George Bernard Shaw.
Photo pinched from Readprint.com .
I have three books on the go currently. Almost done a volume of Sherlock Holmes stories; a third of the way through a James Thurber anthology (his own, The Thurber Carnival first published in 1931); and starting in on the second act of G B Shaw’s Caesar and Cleopatra.
I love the interplay of the timely and timeless in my reading. I enjoy, for example, how Holmes is presented using the most up-to-date equipment: steamboats, the telegraph, a gazeteer (don’t ask) , trains that hurtle through the English countryside at 53 1/2 miles per hour. Thurber’s technology, though a bare thirty years later, seems much closer to our own era than to Conan Doyle’s: the car, the telephone, the airplane, mentioned with little blasé shrugs.
Shaw’s play Caesar and Cleopatra was written in 1901, the same year in which Queen Victoria died, and contemporary with the Sherlock Holmes stories. While Shaw was careful to avoid anachronisms in this play, he did skewer turn-of-the-century England in his stage directions.
I’d like you to think of an upper middle-class, late Victorian drawing room. Think of the upholstery. The wallpaper. The table cloths, doilies, antimacassars, cushions, chair and chesterfield skirts, drapes, tassels. The fresh flowers, automata, carved mantelpiece clocks, pre-Raphaelite prints, looking-glasses, cut-glass decanters, taxidermia. Picturing it? Good. Here’s a bit of Shaw’s social commentary, in the guise of setting, from the beginning of Act II of Caesar and Cleopatra. Enjoy!

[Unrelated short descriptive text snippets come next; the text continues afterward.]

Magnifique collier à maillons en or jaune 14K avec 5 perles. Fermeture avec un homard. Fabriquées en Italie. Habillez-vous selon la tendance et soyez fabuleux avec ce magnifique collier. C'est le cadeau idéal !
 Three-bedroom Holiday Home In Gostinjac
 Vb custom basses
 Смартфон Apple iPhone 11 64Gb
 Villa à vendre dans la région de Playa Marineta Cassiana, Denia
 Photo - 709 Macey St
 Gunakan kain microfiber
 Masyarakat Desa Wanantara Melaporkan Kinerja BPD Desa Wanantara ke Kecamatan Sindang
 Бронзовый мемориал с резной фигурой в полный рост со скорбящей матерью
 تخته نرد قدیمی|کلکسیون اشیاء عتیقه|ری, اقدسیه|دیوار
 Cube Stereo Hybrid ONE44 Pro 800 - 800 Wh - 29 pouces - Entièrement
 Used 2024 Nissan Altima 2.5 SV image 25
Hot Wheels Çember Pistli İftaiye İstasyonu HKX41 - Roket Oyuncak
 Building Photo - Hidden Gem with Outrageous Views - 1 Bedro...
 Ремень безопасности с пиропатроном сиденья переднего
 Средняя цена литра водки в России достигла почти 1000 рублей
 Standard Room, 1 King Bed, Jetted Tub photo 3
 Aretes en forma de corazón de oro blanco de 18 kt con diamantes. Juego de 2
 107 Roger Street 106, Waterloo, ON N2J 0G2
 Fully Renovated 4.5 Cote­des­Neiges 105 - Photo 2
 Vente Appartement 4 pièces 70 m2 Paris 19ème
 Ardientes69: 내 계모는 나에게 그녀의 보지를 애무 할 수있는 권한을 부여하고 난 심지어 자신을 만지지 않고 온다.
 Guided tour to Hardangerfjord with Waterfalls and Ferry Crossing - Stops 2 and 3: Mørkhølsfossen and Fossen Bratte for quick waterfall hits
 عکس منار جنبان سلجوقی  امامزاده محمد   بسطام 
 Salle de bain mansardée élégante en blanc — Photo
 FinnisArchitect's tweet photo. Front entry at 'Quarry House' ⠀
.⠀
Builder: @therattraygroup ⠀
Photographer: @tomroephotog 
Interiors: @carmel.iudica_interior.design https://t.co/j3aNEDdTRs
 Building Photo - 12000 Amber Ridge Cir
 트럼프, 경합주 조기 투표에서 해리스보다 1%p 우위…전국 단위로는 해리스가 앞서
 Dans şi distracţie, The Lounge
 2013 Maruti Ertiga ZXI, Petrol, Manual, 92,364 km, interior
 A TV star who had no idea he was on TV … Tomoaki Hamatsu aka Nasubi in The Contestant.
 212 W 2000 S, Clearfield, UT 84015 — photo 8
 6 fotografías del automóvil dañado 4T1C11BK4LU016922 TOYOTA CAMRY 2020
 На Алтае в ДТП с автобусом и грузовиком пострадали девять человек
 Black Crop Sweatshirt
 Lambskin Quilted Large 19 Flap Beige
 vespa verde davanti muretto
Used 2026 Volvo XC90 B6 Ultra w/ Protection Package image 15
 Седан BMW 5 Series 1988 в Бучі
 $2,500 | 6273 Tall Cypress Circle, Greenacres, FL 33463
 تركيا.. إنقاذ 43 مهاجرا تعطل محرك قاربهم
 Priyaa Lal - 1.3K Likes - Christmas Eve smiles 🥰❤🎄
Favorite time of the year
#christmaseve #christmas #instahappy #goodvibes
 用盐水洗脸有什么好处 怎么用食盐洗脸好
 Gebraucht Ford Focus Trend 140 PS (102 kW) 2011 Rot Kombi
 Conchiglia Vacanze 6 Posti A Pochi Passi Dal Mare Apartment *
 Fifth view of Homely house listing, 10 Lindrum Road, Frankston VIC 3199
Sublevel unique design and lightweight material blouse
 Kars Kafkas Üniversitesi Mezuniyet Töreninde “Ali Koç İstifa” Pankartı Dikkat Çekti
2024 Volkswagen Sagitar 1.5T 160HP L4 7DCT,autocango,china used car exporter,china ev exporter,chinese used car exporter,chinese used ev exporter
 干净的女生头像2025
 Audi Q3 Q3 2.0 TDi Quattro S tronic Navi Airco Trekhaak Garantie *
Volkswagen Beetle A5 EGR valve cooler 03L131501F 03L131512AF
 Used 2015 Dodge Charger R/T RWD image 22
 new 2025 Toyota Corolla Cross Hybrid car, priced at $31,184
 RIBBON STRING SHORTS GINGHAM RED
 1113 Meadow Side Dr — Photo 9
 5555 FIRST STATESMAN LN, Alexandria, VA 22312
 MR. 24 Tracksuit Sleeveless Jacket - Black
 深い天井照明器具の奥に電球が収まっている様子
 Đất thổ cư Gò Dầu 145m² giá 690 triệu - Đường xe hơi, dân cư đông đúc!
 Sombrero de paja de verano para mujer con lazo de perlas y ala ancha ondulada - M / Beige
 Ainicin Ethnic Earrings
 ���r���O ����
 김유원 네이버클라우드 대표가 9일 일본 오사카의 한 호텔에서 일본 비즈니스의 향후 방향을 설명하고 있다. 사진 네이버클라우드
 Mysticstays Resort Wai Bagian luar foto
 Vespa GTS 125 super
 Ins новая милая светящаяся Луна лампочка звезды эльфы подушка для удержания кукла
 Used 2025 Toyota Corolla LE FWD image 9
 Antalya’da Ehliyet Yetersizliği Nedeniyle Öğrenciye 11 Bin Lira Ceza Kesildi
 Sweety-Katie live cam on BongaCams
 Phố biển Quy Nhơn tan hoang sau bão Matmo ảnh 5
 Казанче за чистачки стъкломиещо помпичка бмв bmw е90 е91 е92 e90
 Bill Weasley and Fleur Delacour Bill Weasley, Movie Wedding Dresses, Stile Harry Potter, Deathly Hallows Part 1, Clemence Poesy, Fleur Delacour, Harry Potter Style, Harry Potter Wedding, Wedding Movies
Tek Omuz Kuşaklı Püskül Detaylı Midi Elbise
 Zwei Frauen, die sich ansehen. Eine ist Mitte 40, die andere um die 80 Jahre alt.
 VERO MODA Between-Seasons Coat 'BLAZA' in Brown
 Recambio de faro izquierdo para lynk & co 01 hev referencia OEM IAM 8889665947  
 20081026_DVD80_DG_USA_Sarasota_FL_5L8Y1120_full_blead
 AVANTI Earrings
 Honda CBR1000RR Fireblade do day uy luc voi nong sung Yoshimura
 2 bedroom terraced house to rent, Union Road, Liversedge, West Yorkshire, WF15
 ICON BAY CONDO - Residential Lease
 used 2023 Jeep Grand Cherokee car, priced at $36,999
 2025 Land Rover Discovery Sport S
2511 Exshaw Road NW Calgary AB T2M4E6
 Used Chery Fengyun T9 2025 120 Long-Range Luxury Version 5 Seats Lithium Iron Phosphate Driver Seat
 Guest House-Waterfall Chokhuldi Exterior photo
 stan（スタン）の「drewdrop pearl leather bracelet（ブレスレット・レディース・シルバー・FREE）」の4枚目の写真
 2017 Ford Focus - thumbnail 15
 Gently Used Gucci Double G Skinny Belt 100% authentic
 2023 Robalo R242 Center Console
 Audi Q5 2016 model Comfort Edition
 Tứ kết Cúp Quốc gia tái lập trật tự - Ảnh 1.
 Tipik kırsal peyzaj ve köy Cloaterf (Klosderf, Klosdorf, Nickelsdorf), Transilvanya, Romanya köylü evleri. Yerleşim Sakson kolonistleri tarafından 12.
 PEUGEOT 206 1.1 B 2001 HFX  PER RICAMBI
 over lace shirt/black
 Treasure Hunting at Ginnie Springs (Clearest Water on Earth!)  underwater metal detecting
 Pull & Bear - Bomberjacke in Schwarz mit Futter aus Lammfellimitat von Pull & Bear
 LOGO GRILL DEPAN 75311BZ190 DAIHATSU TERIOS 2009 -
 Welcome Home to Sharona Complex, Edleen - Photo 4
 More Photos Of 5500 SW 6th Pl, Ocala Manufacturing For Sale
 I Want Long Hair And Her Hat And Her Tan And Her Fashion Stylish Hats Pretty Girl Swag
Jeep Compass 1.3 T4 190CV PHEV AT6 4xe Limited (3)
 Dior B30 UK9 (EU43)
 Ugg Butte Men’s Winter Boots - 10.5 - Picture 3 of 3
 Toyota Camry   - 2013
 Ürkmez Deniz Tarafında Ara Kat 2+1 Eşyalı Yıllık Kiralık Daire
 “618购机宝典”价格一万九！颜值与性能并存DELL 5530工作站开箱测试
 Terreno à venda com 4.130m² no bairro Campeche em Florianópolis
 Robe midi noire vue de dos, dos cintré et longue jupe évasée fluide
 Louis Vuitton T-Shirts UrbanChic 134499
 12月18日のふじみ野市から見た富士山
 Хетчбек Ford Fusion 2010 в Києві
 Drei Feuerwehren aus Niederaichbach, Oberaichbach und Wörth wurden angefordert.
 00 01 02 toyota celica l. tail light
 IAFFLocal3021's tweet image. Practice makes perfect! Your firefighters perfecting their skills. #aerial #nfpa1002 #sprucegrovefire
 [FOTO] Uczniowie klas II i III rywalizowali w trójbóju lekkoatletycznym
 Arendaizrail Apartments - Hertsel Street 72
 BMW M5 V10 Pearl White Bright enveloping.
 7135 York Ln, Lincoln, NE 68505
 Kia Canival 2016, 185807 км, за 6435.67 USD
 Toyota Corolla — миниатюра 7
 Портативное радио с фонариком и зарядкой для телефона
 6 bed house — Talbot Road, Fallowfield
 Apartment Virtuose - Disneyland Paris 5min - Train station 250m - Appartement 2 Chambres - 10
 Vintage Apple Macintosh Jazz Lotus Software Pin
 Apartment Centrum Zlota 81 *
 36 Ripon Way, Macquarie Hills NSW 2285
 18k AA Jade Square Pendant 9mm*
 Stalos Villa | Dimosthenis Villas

- Alexandria. A hall on the first floor of the Palace, ending in a loggia approached by two steps. Through the arches of the loggia the Mediterranean can be seen, bright in the morning sun. The clean lofty walls, painted with a procession of the Egyptian theocracy, presented in profile as flat ornament, and the absence of mirrors, sham perspectives, stuffy upholstery and textiles, make the place handsome, wholesome, simple and cool, or, as a rich English manufacturer would express it, poor, bare, ridiculous and unhomely. For Tottenham Court Road civilization is to this Egyptian civilization as glass bead and tattoo civilization is to Tottenham Court Road.
I’m intrigued by the play so far. Good thing, too, because in a week or so I’ll be accompanying E.g. and her longtime friend Gilda down to Stratford (Ontario) to see Christopher Plummer take the role of Caesar himself. Gilda lives ‘wa-a-ay over in Saint John, New Brunswick, so whenever she manages to visit, she wants to go to Stratford. She’s a sensible woman.
August 28, 2008 at 4:50 pm
Take the utmost trouble to find the right thing to say and then say it with the utmost levity - G B Shaw.
I see where you and he are similar. Is this why you posted so late in the day today?
August 29, 2008 at 12:03 am
Ooh, Christopher Plummer — that should be a good show!
August 29, 2008 at 12:23 am
wish i could go to the play with you!
August 29, 2008 at 6:12 am
I’m impressed with anyone who can read more than one thing at a time. I wish I could do that - and fast! So many books! So little time!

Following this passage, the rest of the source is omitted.